With the pictures omitted, print exactly the lines below, from the one containing "Used 2020 Chevrolet Traverse LT FWD image 5" through the one containing "Hotel Embassy Riccione Eksteriør bilde", and nothing else.

RECORDED INFORMATION:
# # # # #
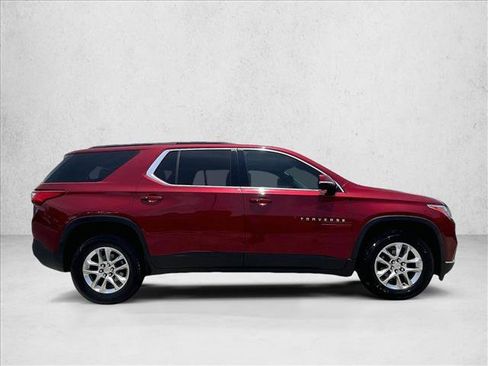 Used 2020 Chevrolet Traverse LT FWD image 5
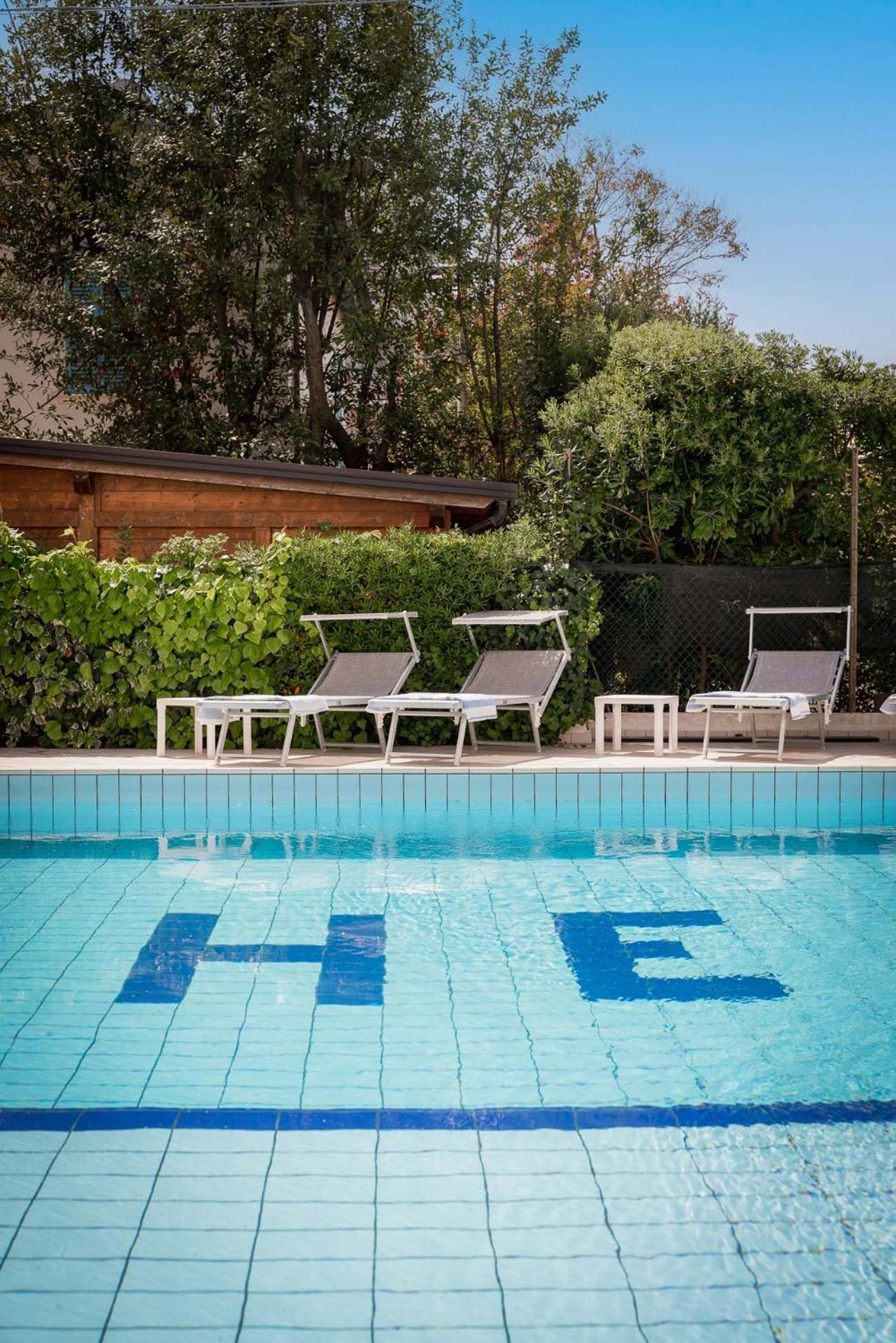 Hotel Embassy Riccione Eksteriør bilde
# # # # #
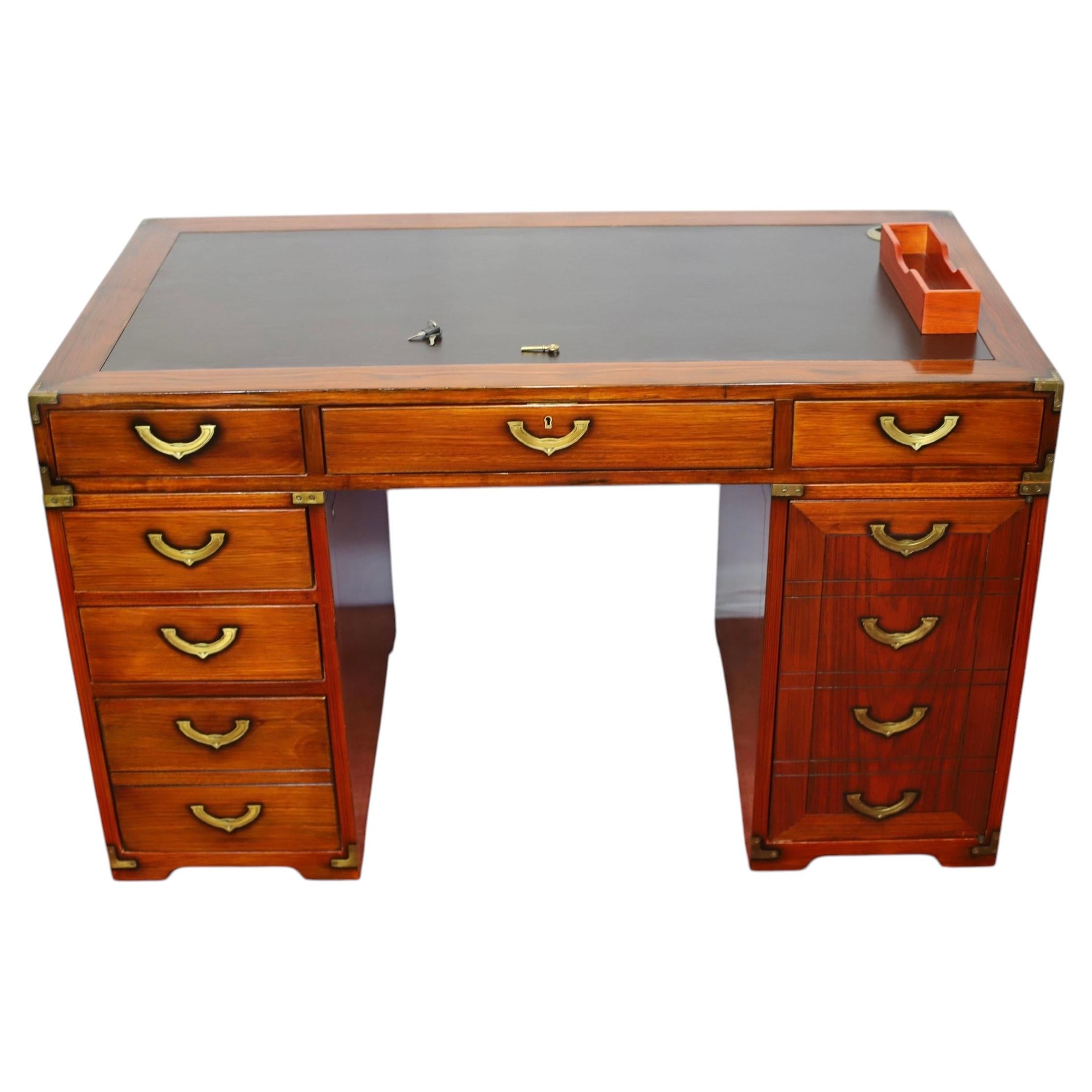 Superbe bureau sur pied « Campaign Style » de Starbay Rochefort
# # # # #
EXPECTED OUTPUT:
 Used 2020 Chevrolet Traverse LT FWD image 5
 Hotel Embassy Riccione Eksteriør bilde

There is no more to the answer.